I also learned that mistakes will happen, but when they happen it's best to admit it and learn from it so it doesn't happen again. Pete, a tough-as-old-saddle-leather customer came to the shop to get a new set of tires. As he chewed his cigar down from a nub to a stub, I finished installing the tires on his truck, put the lug nuts on, set the truck down, reported the job finished and that I was heading home to lunch. I had barely gotten home when the phone rang - it was Mr. Mickan wanting to know if I had forgotten to put the hubcaps back on this fellow's truck, since there were 4 sets sitting where the truck had been. Instantly, I knew that not only did I forget the hub caps, I also failed to use an air gun to snug the lug nuts - they were only finger tight! I told Mr. Mickan my mistake. As I was quickly driving back to the shop, in the meantime Pete had returned as well, his truck wobbling and jerking from wheels just barely hanging onto the hubs. My mistake cost the shop four sets of lugs and nuts and the labor to install them. The rims were salvageable. Most important, other than eating the rest of his cigar in anger, the customer was fine. My mistake didn't cause any permanent harm. While we can joke about it now, Mr. Mickan told me later that day that had I lied or tried to cover up my mistake when he called, I would have been fired immediately. Instead, having admitted my mistake, he gave me another chance. In the ministry, this is called confession. I've made plenty of mistakes - some were accidents, some were outright sins against others - in my ministry. It's not easy, or comfortable, or enjoyable to confess my errors. But, with deep humility and in the hope of a shower of grace, I strive to admit and confess when I am wrong. I learned to confess from Mr. Mickan. (And, very gratefully, I learned about receiving mercy. I did not get what I deserved; instead, I was forgiven my mistake and given a second chance that stretched to four more summers of employment.)

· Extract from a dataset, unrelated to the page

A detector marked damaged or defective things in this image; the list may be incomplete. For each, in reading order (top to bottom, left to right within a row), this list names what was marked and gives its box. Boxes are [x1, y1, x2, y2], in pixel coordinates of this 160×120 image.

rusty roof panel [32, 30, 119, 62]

I learned other things about being a faithful employee, treating a customer fairly, honoring the boss's authority, and doing the best one can. It was hard work, hit work, and sometimes dangerous work but I loved it all and I loved the Mickan family, most especially Mr. Mickan. Mr. Mickan is retired now, but he's still around the place. If you're able, and he's there and in the mood, ask him to tell you a story. Sit down, slow down a notch or two, and learn to listen.